2 Manoel Gonçalves Ferreira Filho esclarece:
“Legalidade tributária: Este é um princípio fundamental para a segurança do patrimônio particular.
Por força dele, apenas a lei, que traduz a vontade geral, pode impor tributo, ou aumentar tributo,
sobre o patrimônio particular. Trata-se, indubitavelmente, de um direito fundamental. O direito
anterior o reconhecia, tanto que o arrolava entre os demais (Emenda n. 1/69, art. 29).
Este princípio é dos que consagrou a Magna Carta, em 1215. Com efeito, deflui deste documento a
exigência do prévio consentimento dos contribuintes, por seus representantes, para a instituição de
todo e qualquer tributo. Assim, durante séculos, a principal função do Parlamento inglês foi a de
consentir (ou não) nos tributos reclamados pelo monarca. E foi negociando a propósito desse
consentimento, pedindo contas do dispêndio de tributos anteriormente consentidos, discutindo o
emprego do tributo a ser instituído, que essa Assembléia foi a pouco e pouco alargando a sua esfera
de competência (v. meu Curso de direito constitucional, 19. ed., São Paulo, Saraiva, 1992, p. 244).

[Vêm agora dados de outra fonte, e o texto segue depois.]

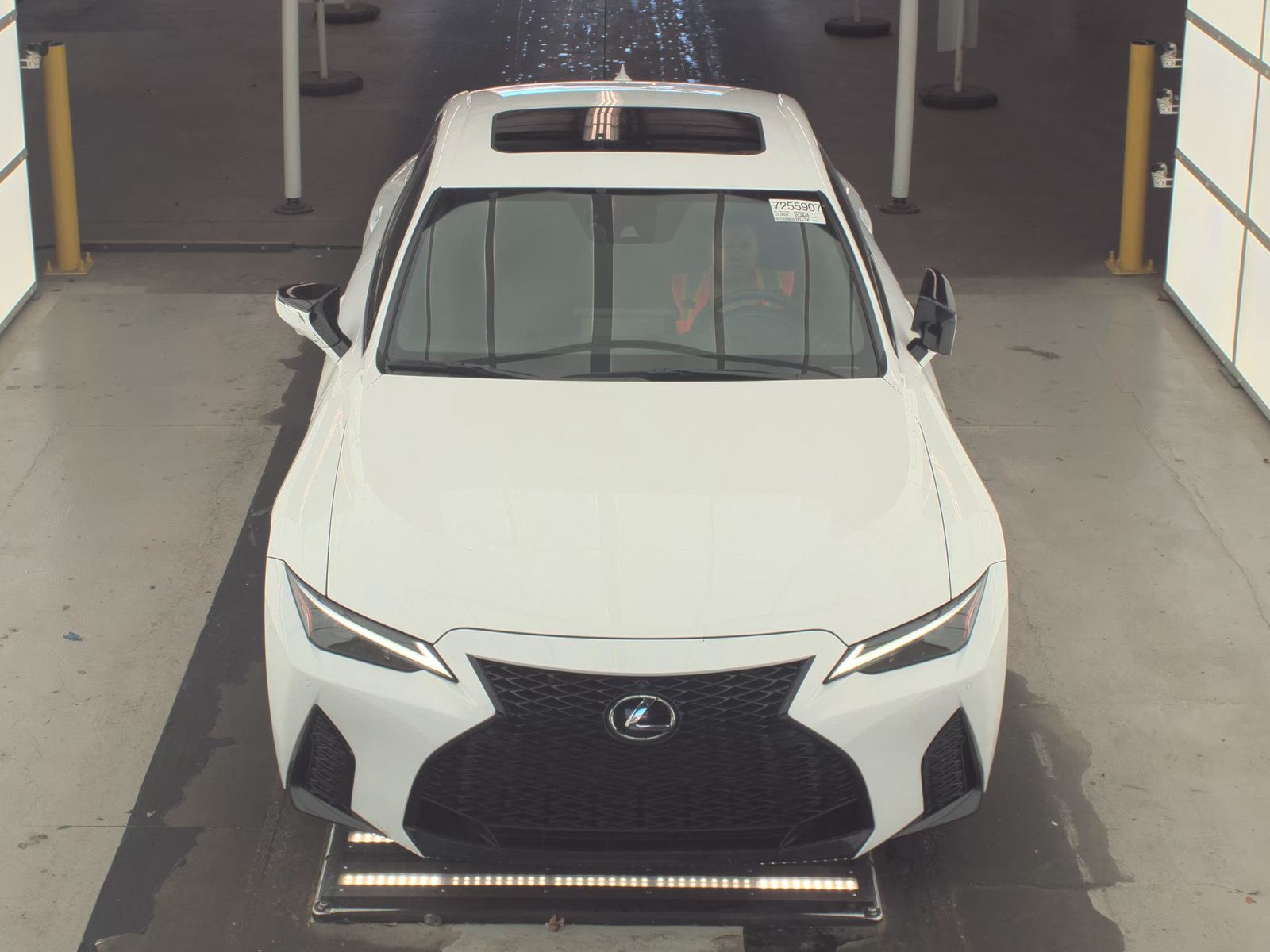 Lexus IS 350 2024 — photo 2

Em razão dessa tradição, sustentei, a respeito da Constituição anterior, que somente lei formal
poderia instituir ou aumentar tributo. A jurisprudência e a maior parte da doutrina, todavia,
inclinaram-se pela tese de que todo ato com força de lei poderia instituir ou aumentar tributo. Esta
parece ser a solução a ser seguida em face desta Constituição, como aponta Ives Gandra Martins
(Comentários, cit., v. 6, t. 1, p. 145 e s.). (Comentários à Constituição Brasileira de 1988, vol. 2, Ed.
Saraiva, p. 105/106).”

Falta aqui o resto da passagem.